Why does my target’s sitemap change between scans?
Symptoms
Two or more scans on the same target may show different paths/URLs under the Sitemap section of a scan report. The scans can have the exact same configuration,but the sitemap may still differ across scans.
Root Cause
On Invicti Enterprise, the sitemap section of a scan report is intended to efficiently show paths where vulnerabilities were found.
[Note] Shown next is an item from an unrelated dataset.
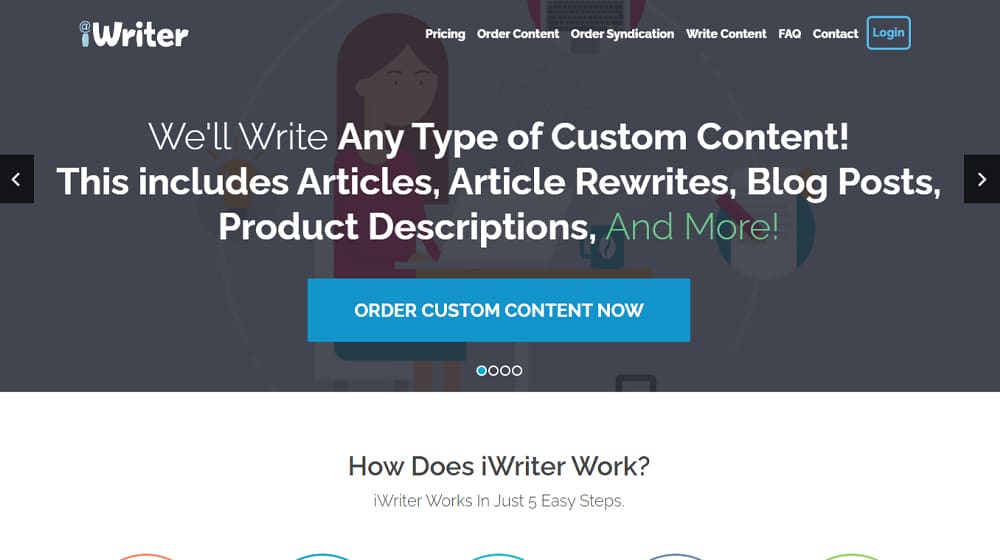 iWriter Website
It is a common error to think of the Sitemap feature as a tool for visualizing the nested structure of a target.
However, this is not the intended usage of the sitemap feature as it can list different paths of a target between scans, except for paths where vulnerabilities are found.
The primary reason for this is that the sitemap visualizer tool on Invicti Enterprise considers the responses the scan has received and the order of the requests the scan has sent for a particular path before listing the particular path and relevant sub paths of it on the sitemap of the scan report.
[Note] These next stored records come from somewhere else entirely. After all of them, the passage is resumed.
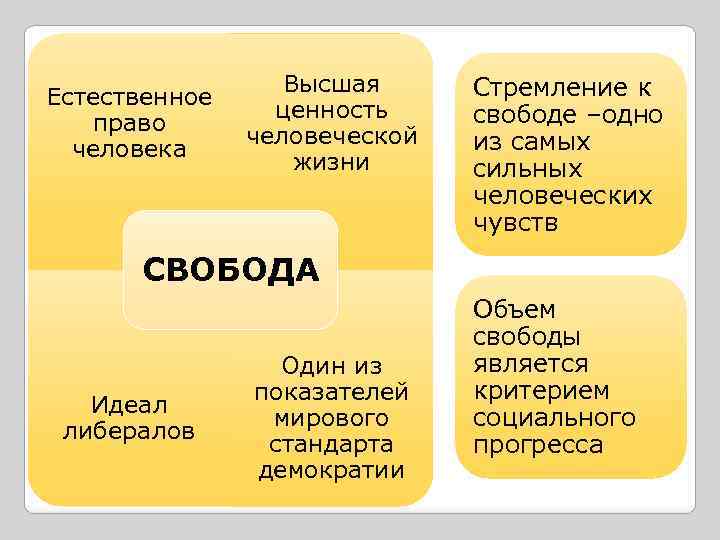 Естественное право человека Высшая ценность человеческой жизни Стремление к свободе –одно из самых сильных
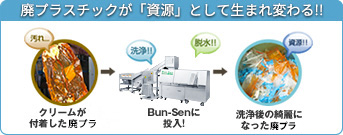 廃プラやプラスチックが「資源」として生まれ変わる！！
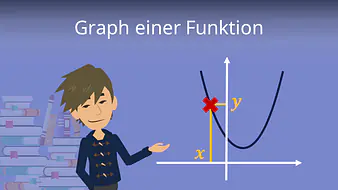 Graph einer Funktion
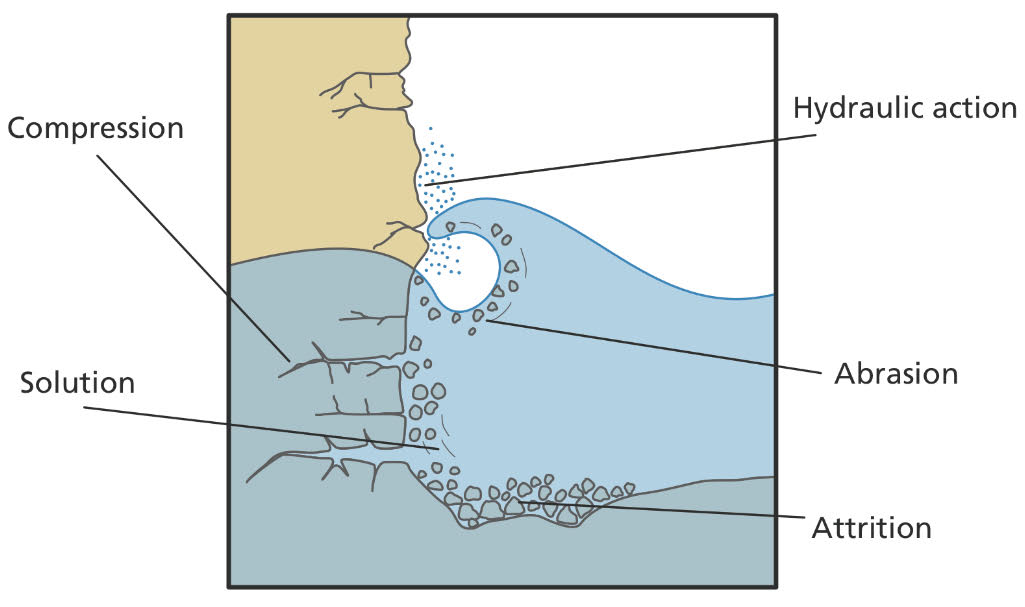 Processes of Coastal Erosion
Scenario 1: Scanner receives an early 404 response
Consider the example where the scanner receives a 404 (not found) response for https://example.com/pages before attempting to visit/crawl subpaths under https://example.com/pages. In this scenario, the path https://example.com/pages and paths beneath it will not be listed on the sitemap even though they may be crawled/scanned during the scan.
Scenario 2: Scanner receives an early 200 response
In the scenario where the scanner receives a 200 (OK) response on https://example.com/pages/pages1 before attempting to visit/crawl its parent path https://example.com/pages which results in a 404 (not found) response, the subpath will still be listed on the sitemap.
The key here is the order of requests sent by the scanner. When the scanner sends requests to a subpath before its parent path, the sitemap on the scan report may look differently compared to a scan where the scanner has sent requests to parent paths before subpaths. The order of requests sent for a path may differ for any path in between any scans, and this is implemented in the scanner code base due to performance reasons. The scanner constantly pools URL links (paths) in its cache of links to visit and crawl and may decide to send requests to a subpath before sending them to its parent path or vice versa during a scan.
No Scan Coverage Impact
It should be noted that this functionality does not affect scan coverage. The only exception to the scenarios discussed above would be the presence of a vulnerability on a parent path or a subpath. In such cases, the path with the vulnerability will always be listed on the Sitemap as this is the intended usage for the sitemap feature.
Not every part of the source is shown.